- DATA

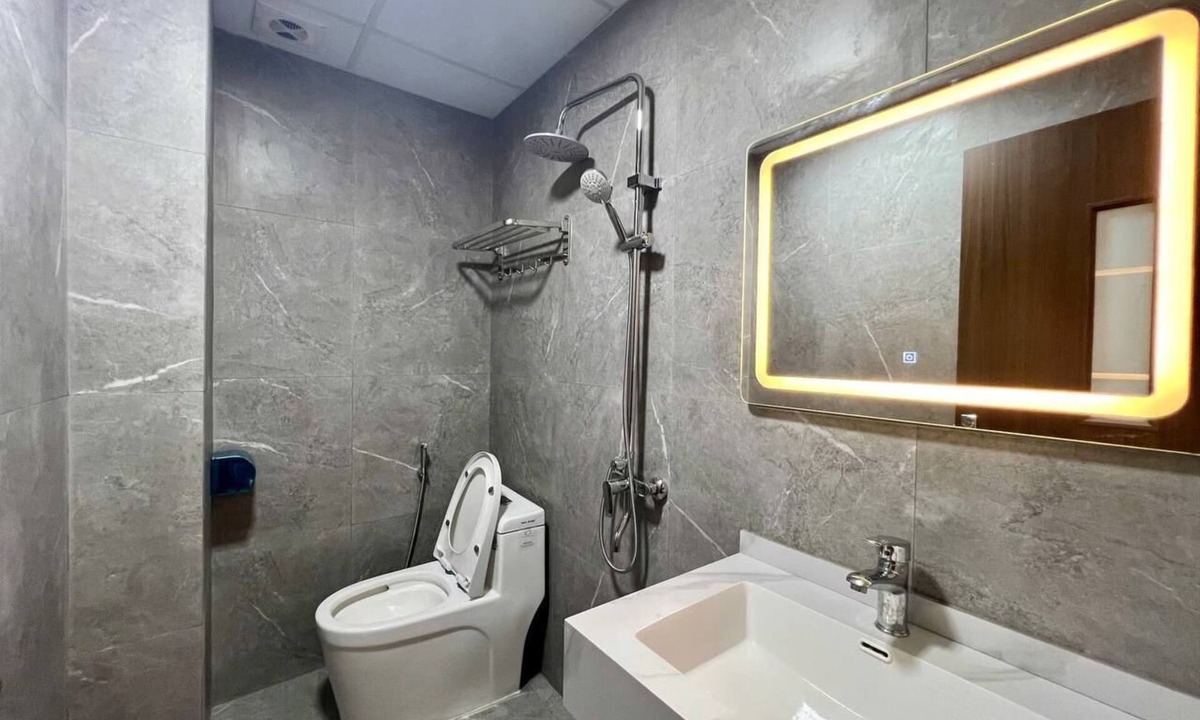 Quang An House | Spacious 7-bedroom house in marvelous Hà Nội with AC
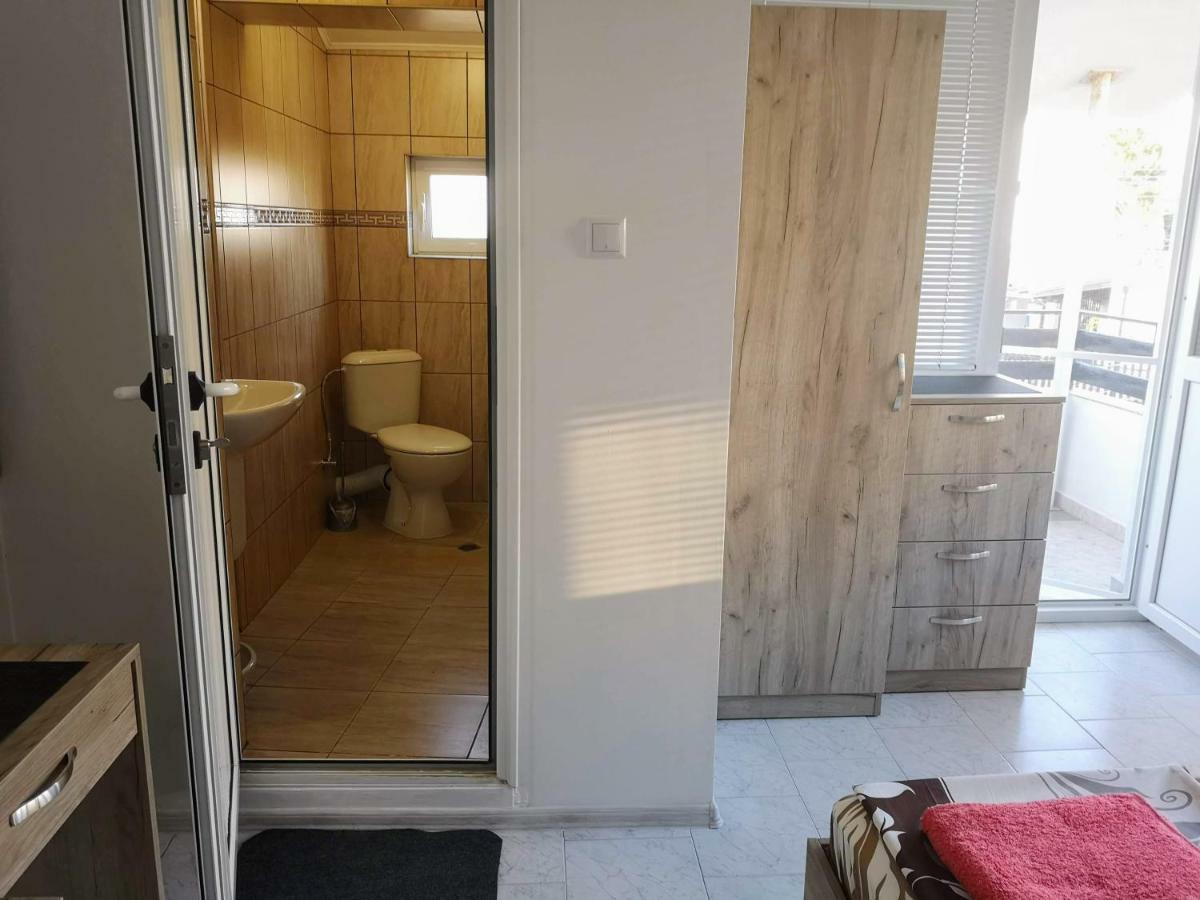 Guestrooms Stoyanovi Chernomorets Bagian luar foto
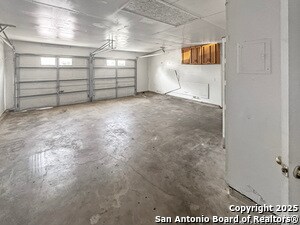 Building Photo - 5718 Sun Rdg St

- YOUR OBJECTIVE
The preceding listing is to be restated word for word, with every picture omitted.

- RESPONSE AREA
 Quang An House | Spacious 7-bedroom house in marvelous Hà Nội with AC
 Guestrooms Stoyanovi Chernomorets Bagian luar foto
 Building Photo - 5718 Sun Rdg St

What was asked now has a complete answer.